Wastewater and stormwater sewer systems play a vital role when it comes to infrastructure and the environment.
Although the two are critical to public health and safety, they are quite different.
The stormwater system is designed to transport rainfall runoff and other untreated drainages into underground pipes and open ditches. The water is then discharged to local rivers, wetlands and streams.
The wastewater system consists of underground pipes that transport sewage from household plumbing such as kitchens, sinks and bathrooms to a wastewater treatment plant where the water is filtered, treated and discharged for future use.

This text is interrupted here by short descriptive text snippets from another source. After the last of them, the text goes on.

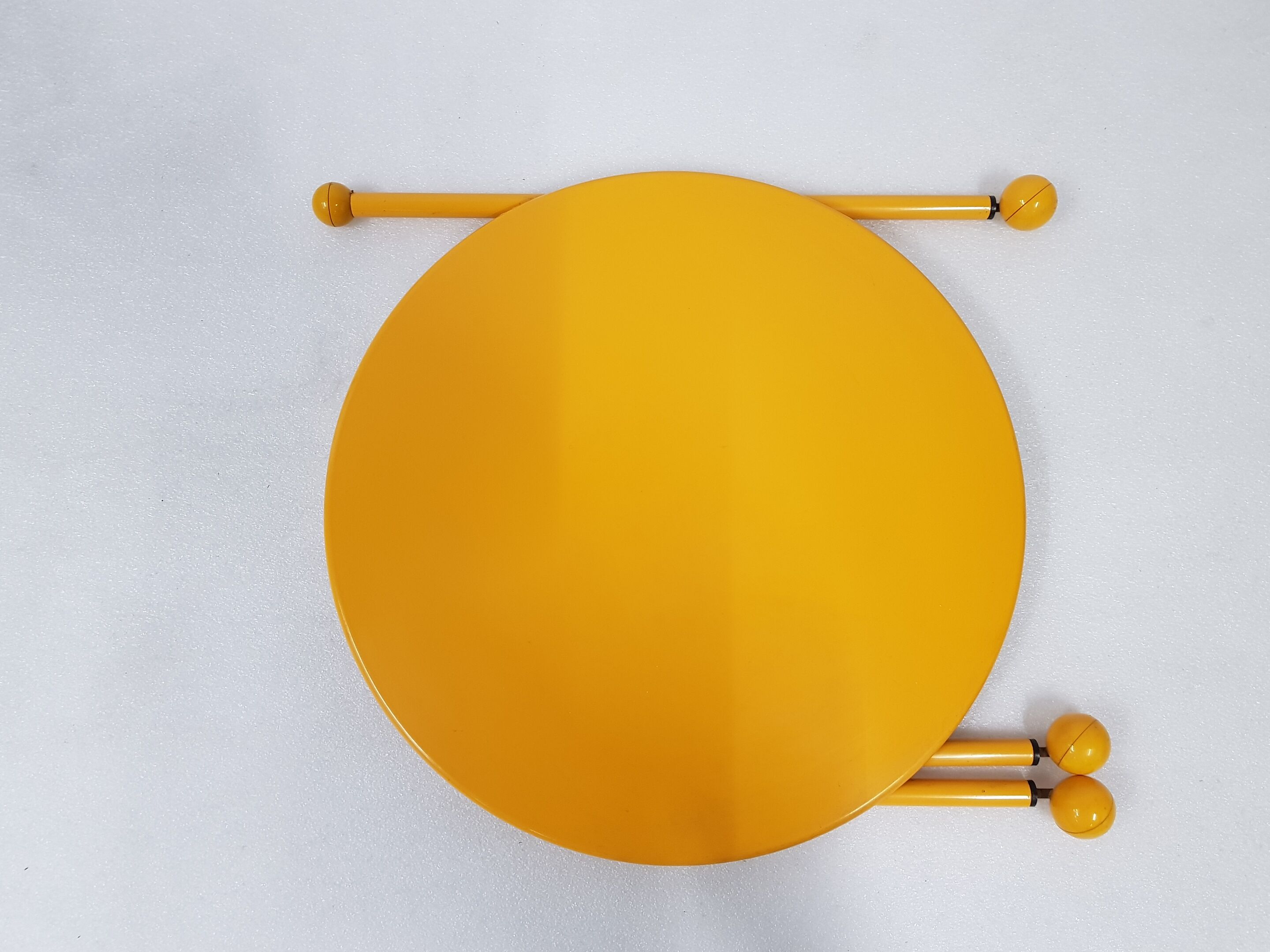 Tord Bjorklund metal folding rolling table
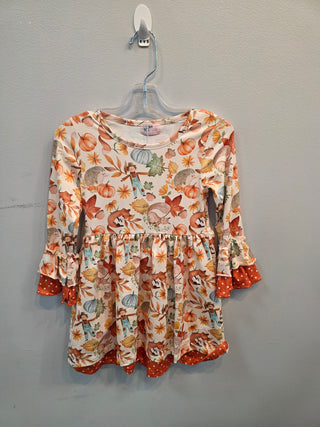 Shades of Autumn Dress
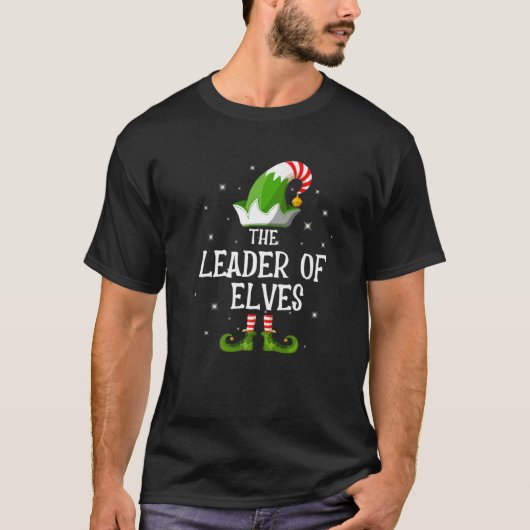 The Leader Of Systems Family Matching Group Christ Tシャツ (正面)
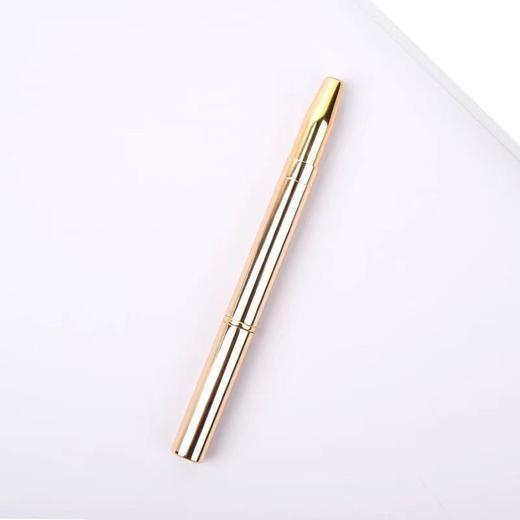 伸缩双头口红刷便携式带盖唇刷初学者唇线笔涂口红专用 商品图7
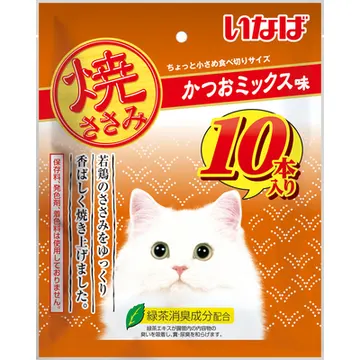 かつおミックス味 10本入り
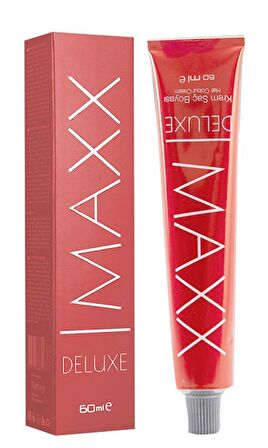 Maxx Deluxe Tüp Boya 7.7 Işıltılı Kahve 60 ml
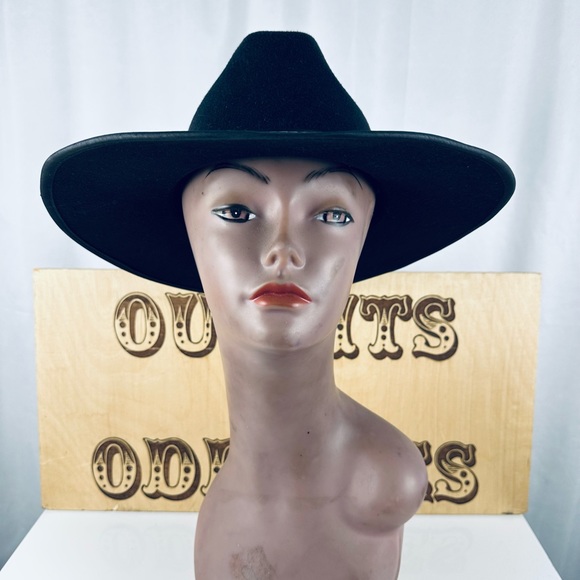 Western Felt Hat / Made in Mexico - Picture 3 of 7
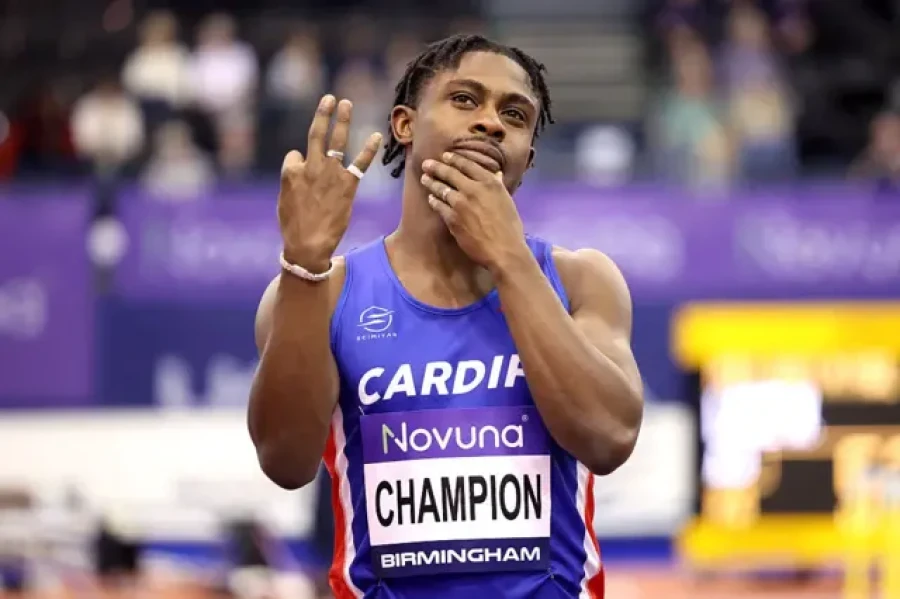UK Athletics Indoor Championships 2026: 6.56 Азу, 1:56:33 Годжкінсон – що далі?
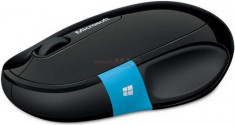 Mouse Microsoft Wireless Bluetooth Sculpt Comfort (Negru) foto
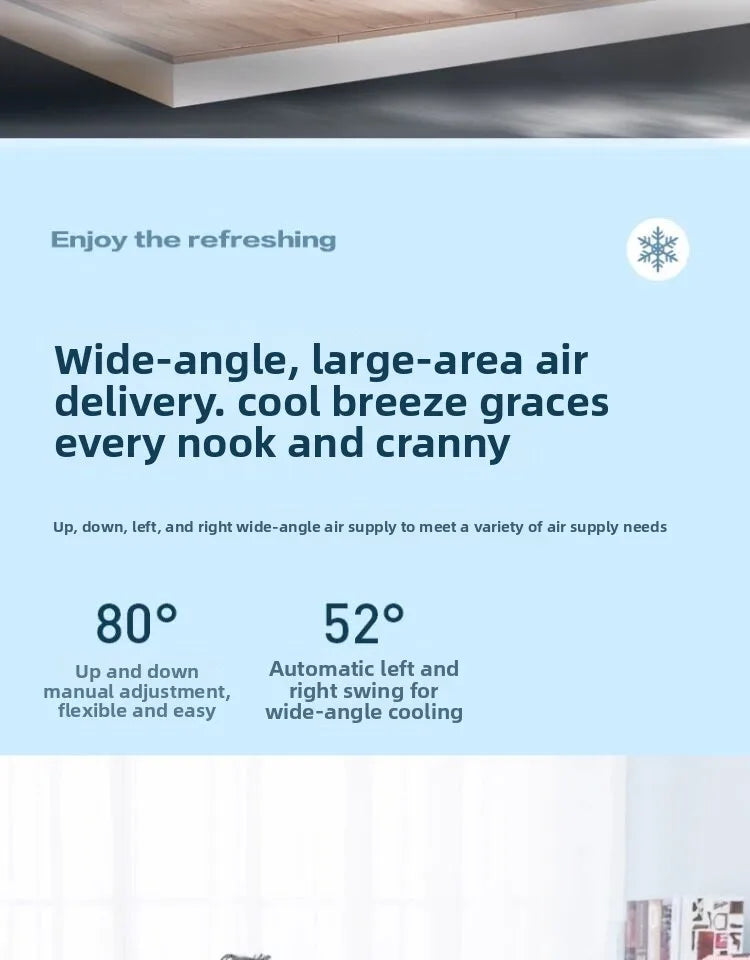 220V Haier Air Cooler Portable Cooling Fan with Water Tank for Home Use Single Cooling Type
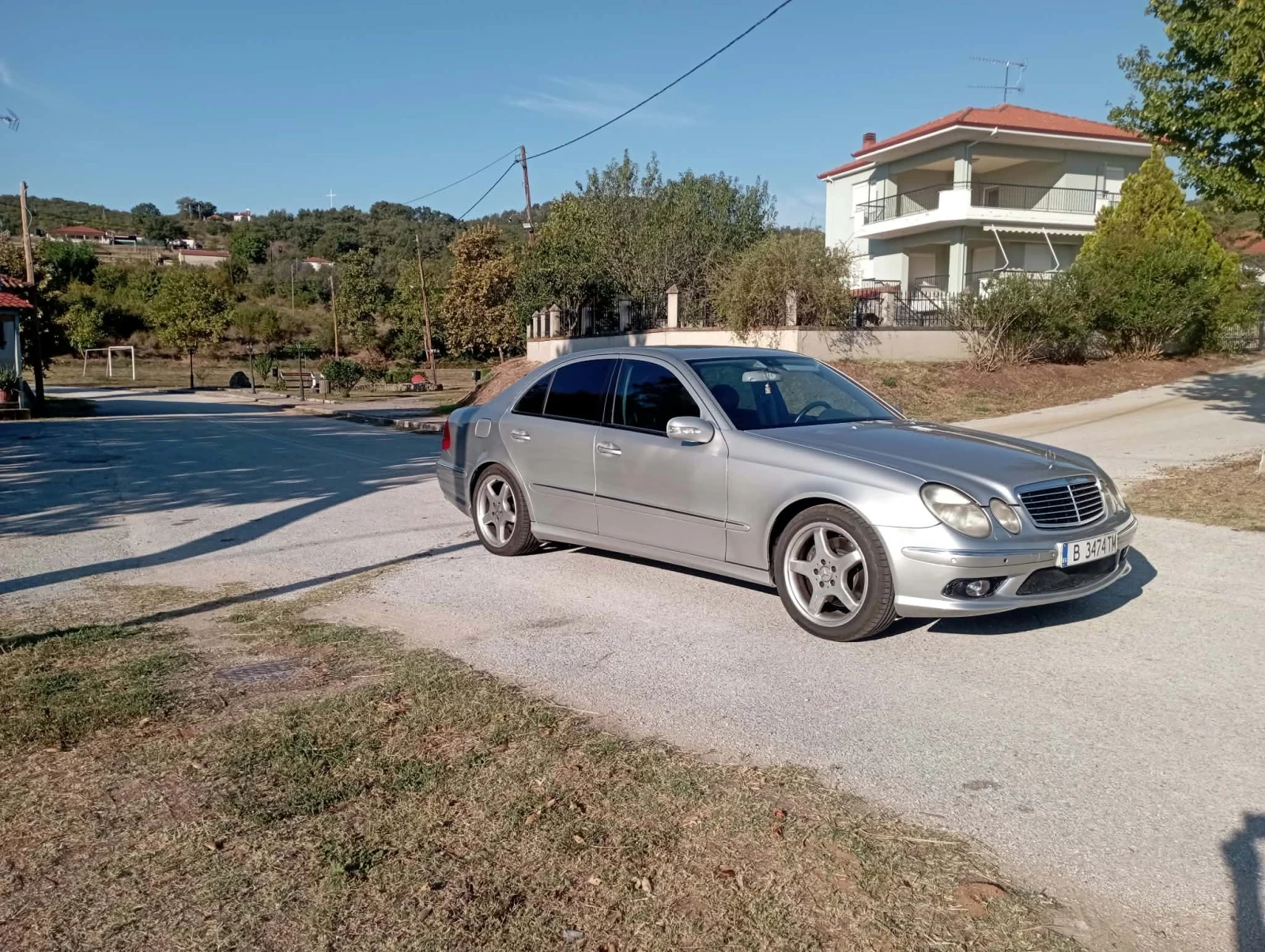 Mercedes-Benz E 500 E500, снимка 4 - Автомобили и джипове - 56204644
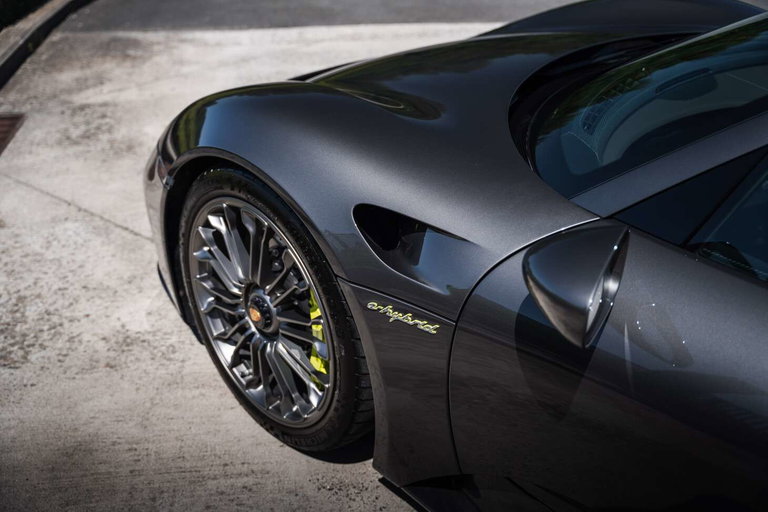 Porsche 918 Spyder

Unlike wastewater, stormwater is not designed to carry sewage or hazardous waste. This is due to the water being discharged directly to surface water bodies. Stormwater is untreated, which makes it easier for pollutants and hazardous wastes to contaminate our rivers, lakes and streams.
To filter out solid objects that can cause the drains to clog, storm drain inlets are installed in low-lying outdoor areas such as curbs and outside drains. This mechanism not only helps the environment but also prevents floods by reducing the amount of standing water. Pollution can be prevented by directly disposing of hazardous waste, properly collecting and disposing yard clippings, reducing herbicide application, picking up pet waste and correctly discharging pools.
Understanding the difference between wastewater and stormwater not only helps us preserve our infrastructure but can prevent environmental damage.